BEGIN Information supplied

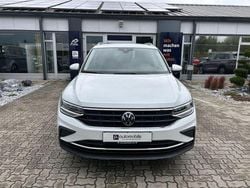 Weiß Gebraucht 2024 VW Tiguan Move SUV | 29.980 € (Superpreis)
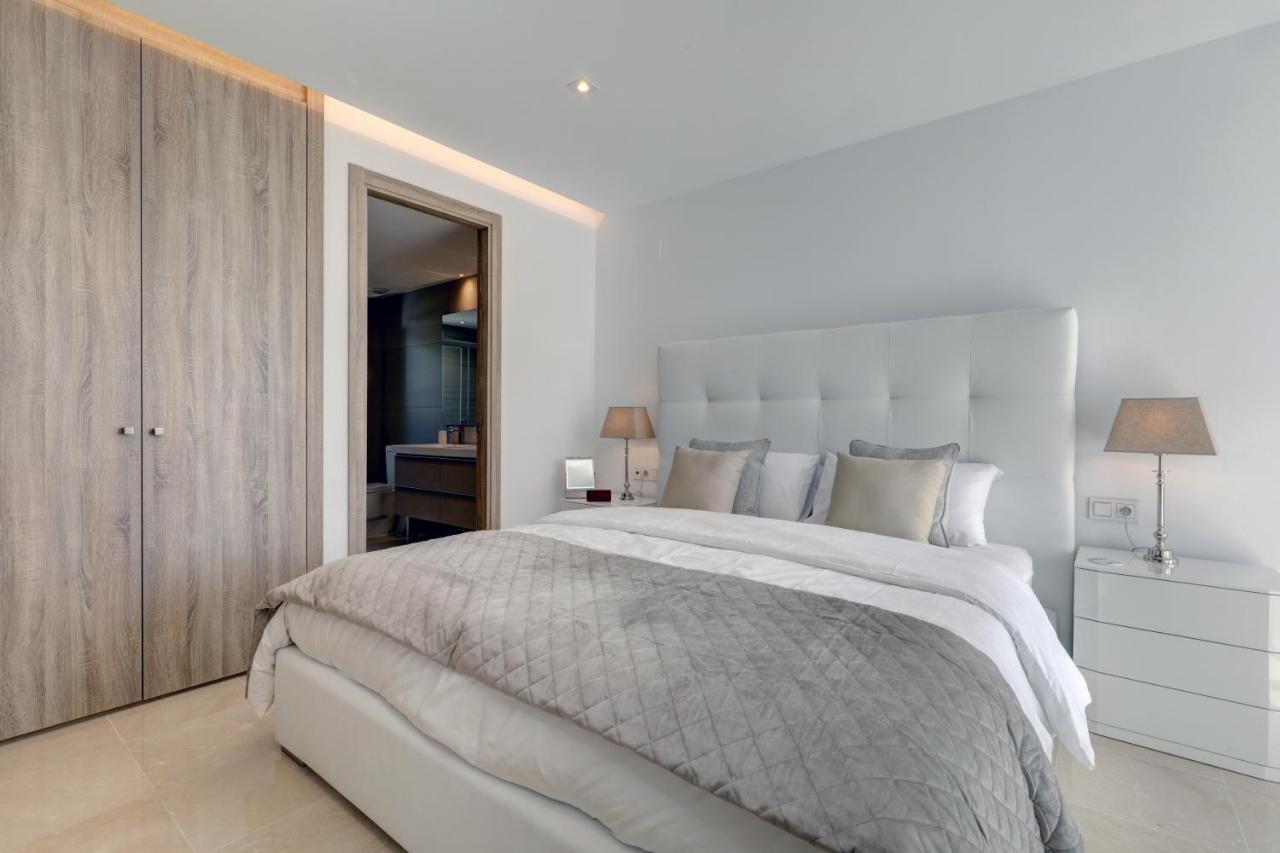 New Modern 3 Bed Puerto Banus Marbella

END Information supplied
BEGIN Information supplied

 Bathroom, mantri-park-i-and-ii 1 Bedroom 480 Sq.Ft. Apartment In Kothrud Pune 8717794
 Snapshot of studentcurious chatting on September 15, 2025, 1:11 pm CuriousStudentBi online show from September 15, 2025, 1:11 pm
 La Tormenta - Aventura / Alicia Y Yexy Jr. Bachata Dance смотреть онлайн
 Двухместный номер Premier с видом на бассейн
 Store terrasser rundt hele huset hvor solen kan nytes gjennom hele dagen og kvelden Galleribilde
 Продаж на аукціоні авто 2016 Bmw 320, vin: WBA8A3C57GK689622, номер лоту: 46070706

END Information supplied
BEGIN Information supplied

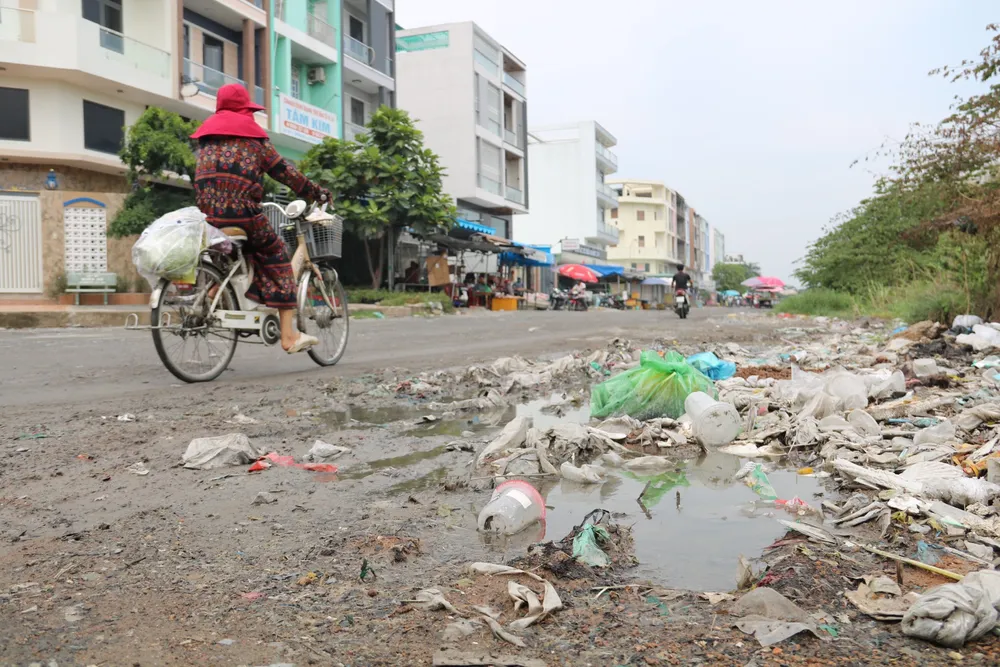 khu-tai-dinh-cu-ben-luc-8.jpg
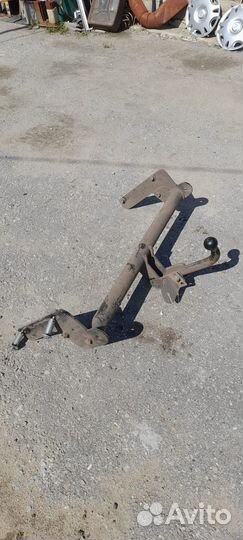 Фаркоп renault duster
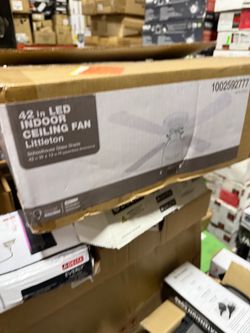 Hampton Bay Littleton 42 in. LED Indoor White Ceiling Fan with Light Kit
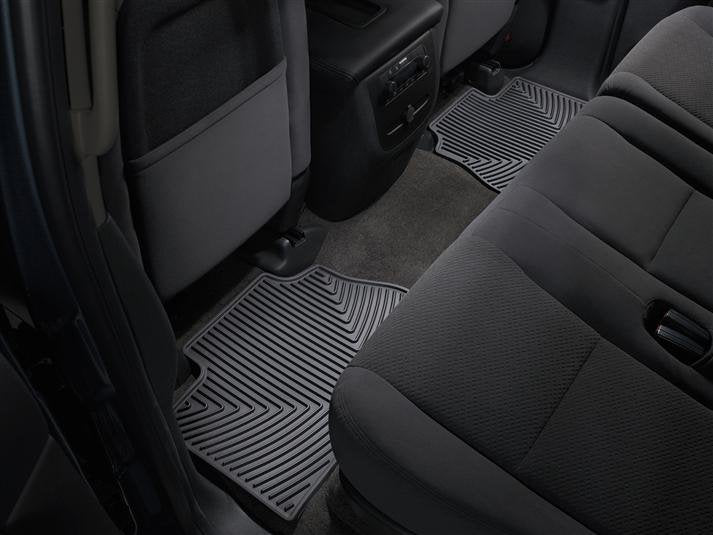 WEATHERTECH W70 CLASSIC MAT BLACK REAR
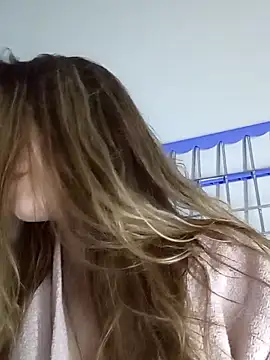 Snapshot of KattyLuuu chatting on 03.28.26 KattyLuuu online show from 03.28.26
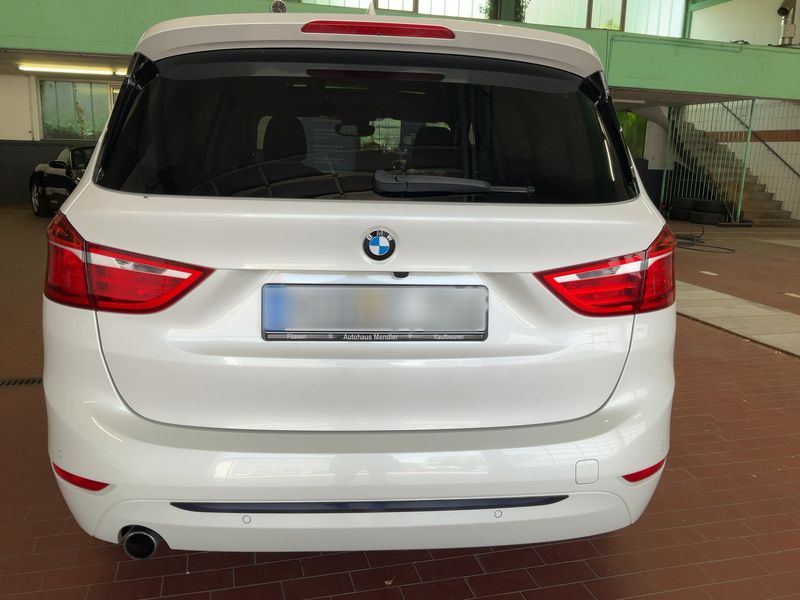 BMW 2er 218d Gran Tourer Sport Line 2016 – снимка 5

END Information supplied

→ Work order:
Give again the lines of the listing above that run from the one with "Snapshot of KattyLuuu" up to and including the one with "BMW 2er 218d". Keep them exact and omit the pictures.

→ Answer to this task:
 Snapshot of KattyLuuu chatting on 03.28.26 KattyLuuu online show from 03.28.26
 BMW 2er 218d Gran Tourer Sport Line 2016 – снимка 5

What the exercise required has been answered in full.